A Trail of Data Breadcrumbs

One thing that stuck out to me from last class’s presentation was the quote: “Future you is your first user.” It’s easy to get lost in the muddle of guidelines and standards, the confusion of what you think you’re supposed to be doing. But imagining yourself coming back in 10, 20 years – or heck, even just a few weeks,  and trying to figure out what in the world you were doing makes data management a lot easier to understand. What can you do to make life a little easier for your future self? What- when you’re looking at other’s projects, do you wish existed to explore the core data that went into their work?

Many horror stories somehow involve navigation. Whether a haunted house, a creepy forest, or an abandoned building, horror tends to evoke some fear of the unknown, exemplified by shadowy places where you can easily get lost if you aren’t careful. So what’s a poor, terrified horror protagonist to do? One old reliable strategy is to create a path so you can return the way you came. This is what Hansel and Gretel did by leaving breadcrumbs so they could find their way back after escaping an evil witch who tried to cook and eat them (a fairy tale? yeah, no that is absolutely a horror story).

And leaving that path – including planning in advance how you will leave it – is kind of what data management is about!

Using data management as a way to primarily orient yourself within your project might seem kind of a selfish approach – after all the types of organization methods that instinctively make sense to you won’t always be easily comprehensible to others. But leaving a trail for your future self is just the first step. Once you know that everything is planned, organized and documented so you can jump right back in after a break or distraction, it’s a lot easier to expand from there. If you prefer sharing data on GitHub but a teammate prefers Google Drive, then great, it’s easy enough to copy data to another platform, so long as you make a point to keep all copies of the dataset in sync. If a data dictionary Excel spreadsheet works perfectly as a way for you to make sense of your data, but you’re presenting to a group full of visual learners, then you can create a visual aid. And it will be a lot easier to have a spreadsheet that makes perfect sense to you to pull from when making that visual aid than if you just used the raw dataset. Basically, what I’m saying is that if you start with a data management plan that makes life easier for you, it becomes a lot easier to start making life easier for anyone else who may want to use your data. Because having done the thing that makes it all make sense to you, you’re now coming from a place of understanding, understanding that you can share.

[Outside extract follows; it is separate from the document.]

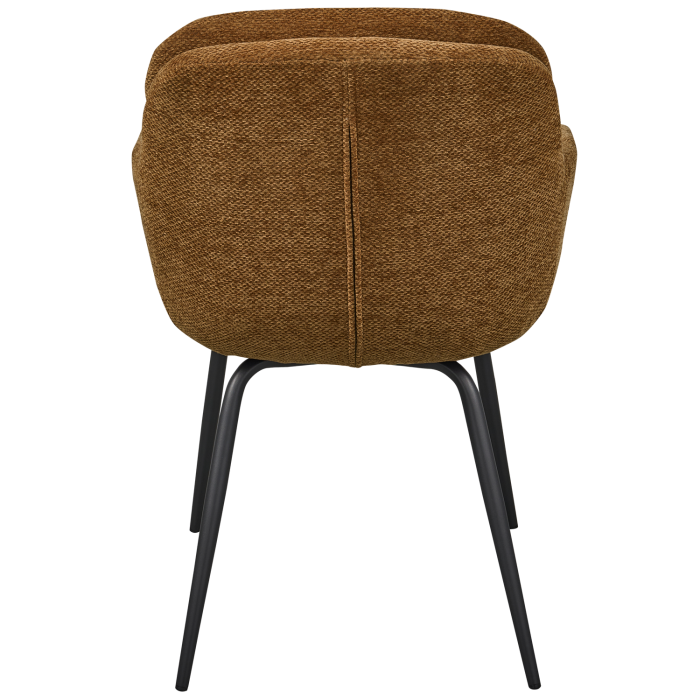 Scaun dining Runa, chenille, maro caramel/galben, 82 x 57 x 59 cm, WOOOD 375064-C [6]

Maybe for you it’s breadcrumbs you leave, for someone else it’s a thread, or markings on trees, or a sequence of landmarks memorized by heart. It doesn’t matter how you learn the route through the scary unknown, because once you learn it, it’s known and significantly less scary, and you can teach it to other people too.

A fun tangent: While refreshing my memory on the breadcrumbs in Hansel and Gretel, I came across this page, which ties the concept to web design: https://www.syntagm.co.uk/design/articles/breadcrumbs.htm. This is something worth keeping in mind if we do end up with multiple pages on the site – ensuring users can easily return to the home page if they end up elsewhere from a search. Fun how sometimes silly metaphors loop back around to being relevant to the original thing that spawned them!